The CHAIRMAN. How would you feel about that one? You know in the 1935 act-I think it was written in the 1933 act first-there was a provision that thereafter it would be unlawful for national banks to pay interest on demand deposits. And then, of course, the same thing was written in the FDIC law-that would apply to all banks insured, in addition to national banks.

Now, this is to repeal that provision, which says it is a violation of the law to pay interest on demand deposits.

Would you be for this bill or against it?

Mr. MARTIN. Well, I would be against this bill at the present time, Mr. Patman. This is an outgrowth of the difficulties we had in the 1932 period.

The CHAIRMAN. But that period is over, Mr. Martin-I hope.

Mr. MARTIN. Yes, that period is over. But the whole structure of the banking business has been impressed with the results of that period.

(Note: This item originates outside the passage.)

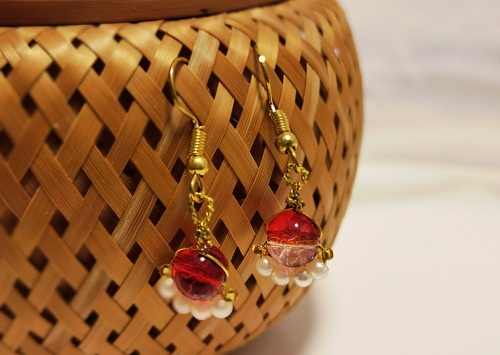 2月2日，兼職手工活可以帶回家做的，開飾品加工廠，居家手工項目，產(chǎn)品質(zhì)量是手工之家和合作人員發(fā)展、收獲的保障，圖為串珠米珠繡手工產(chǎn)品剪影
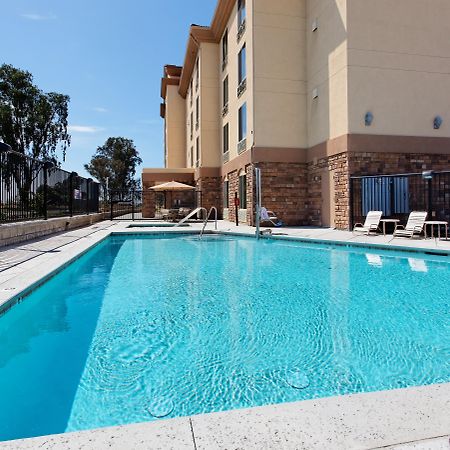 Holiday Inn Express Fresno Northwest - Herndon By Ihg Екстериор снимка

And I would favor, as I have indicated before, eliminating perhaps regulation Q-any ceiling on time and savings deposits. But in the case of demand deposits

The CHAIRMAN. You mean take the ceiling off of time deposits? Mr. MARTIN. Time and savings deposits-I would think we would permit competition there without seriously disrupting either the market or the banking system.

money

In the case of demand deposits-I think you would give the big banks of the country a very great advantage, and that they would tend, at least for some time, to siphon off from the smaller banks of the country, the ones that you are very much interested in, as I know-you would siphon off from them a good portion of deposits that come to them, because the larger banks would be able to pay for this.

Now, I know there are two sides to this argument, and this has been argued for many years. There are some people who say banking should be a completely competitive business, and we should not worry about that-the bankers can be prudent and take care of themselves.